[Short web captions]

┌──

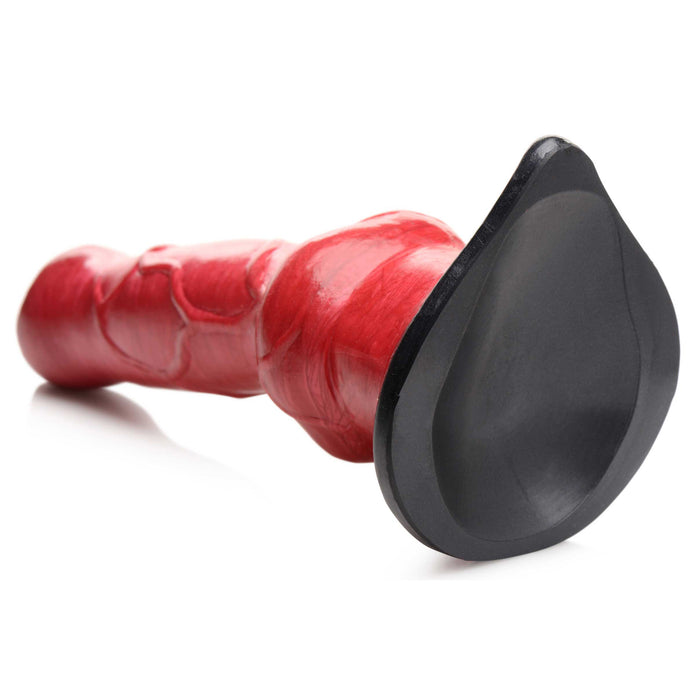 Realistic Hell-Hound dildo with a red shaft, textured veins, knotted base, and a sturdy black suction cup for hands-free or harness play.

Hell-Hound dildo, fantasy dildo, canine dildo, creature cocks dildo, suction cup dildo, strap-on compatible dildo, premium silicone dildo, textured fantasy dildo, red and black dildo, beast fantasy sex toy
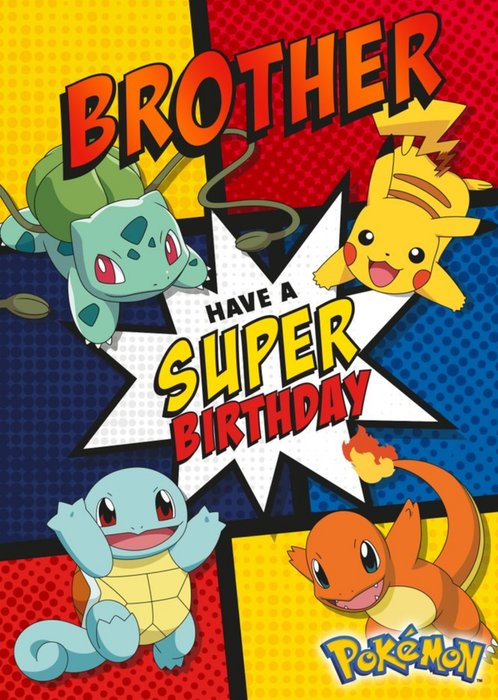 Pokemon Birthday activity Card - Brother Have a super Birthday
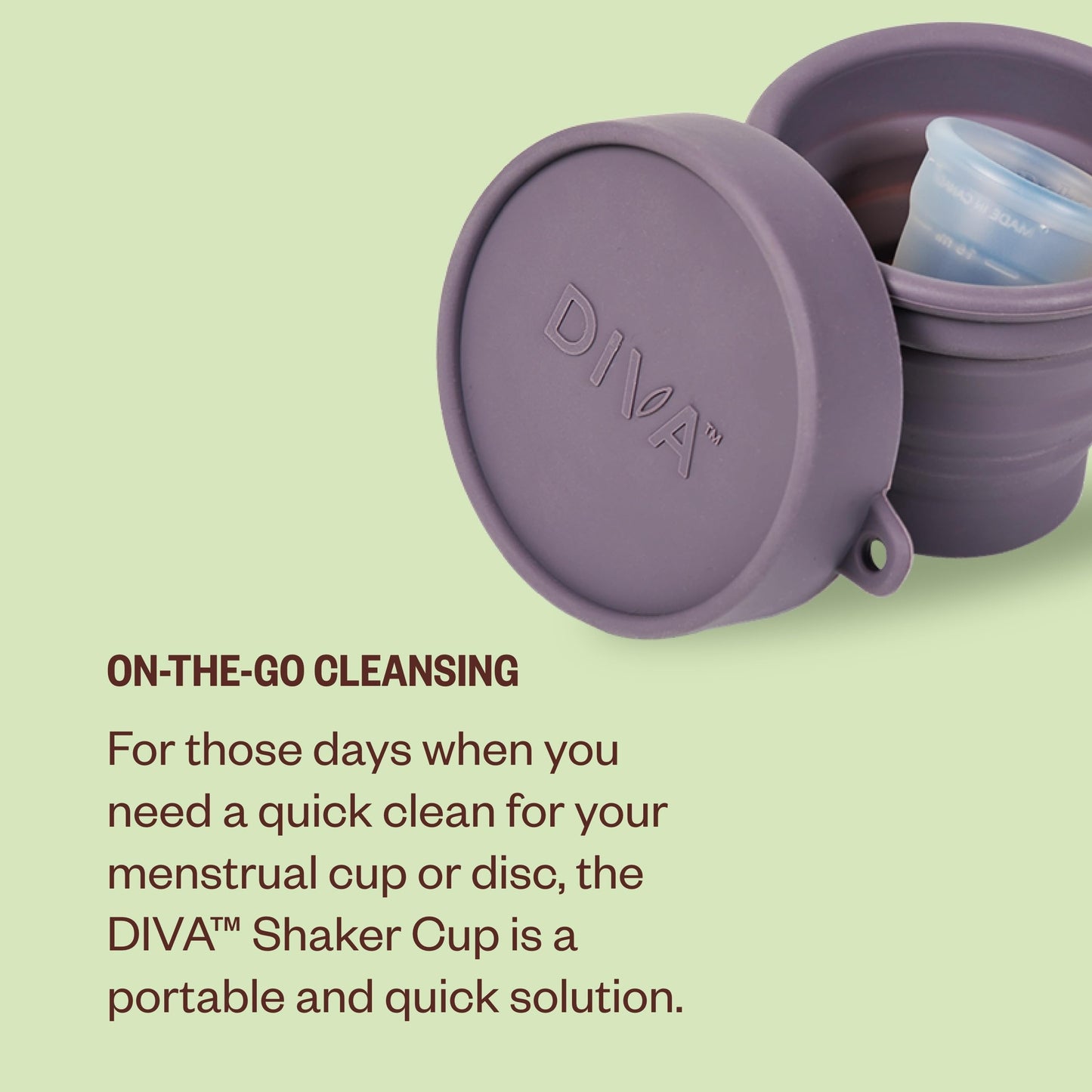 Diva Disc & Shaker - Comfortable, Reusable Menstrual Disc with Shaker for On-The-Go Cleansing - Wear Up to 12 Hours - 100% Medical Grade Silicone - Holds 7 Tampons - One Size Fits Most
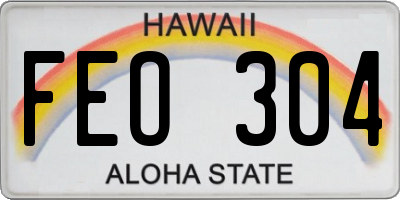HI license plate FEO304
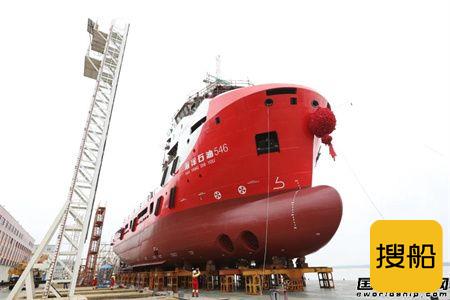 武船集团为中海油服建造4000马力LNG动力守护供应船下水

└──

**TASK DIRECTIONS:** Your answer should be the lines above from the one that contains "Hell-Hound dildo, fantasy" through the last, set down exactly, with the pictures removed.

**RESPONSE:**
Hell-Hound dildo, fantasy dildo, canine dildo, creature cocks dildo, suction cup dildo, strap-on compatible dildo, premium silicone dildo, textured fantasy dildo, red and black dildo, beast fantasy sex toy
 Pokemon Birthday activity Card - Brother Have a super Birthday
 Diva Disc & Shaker - Comfortable, Reusable Menstrual Disc with Shaker for On-The-Go Cleansing - Wear Up to 12 Hours - 100% Medical Grade Silicone - Holds 7 Tampons - One Size Fits Most
HI license plate FEO304
 武船集团为中海油服建造4000马力LNG动力守护供应船下水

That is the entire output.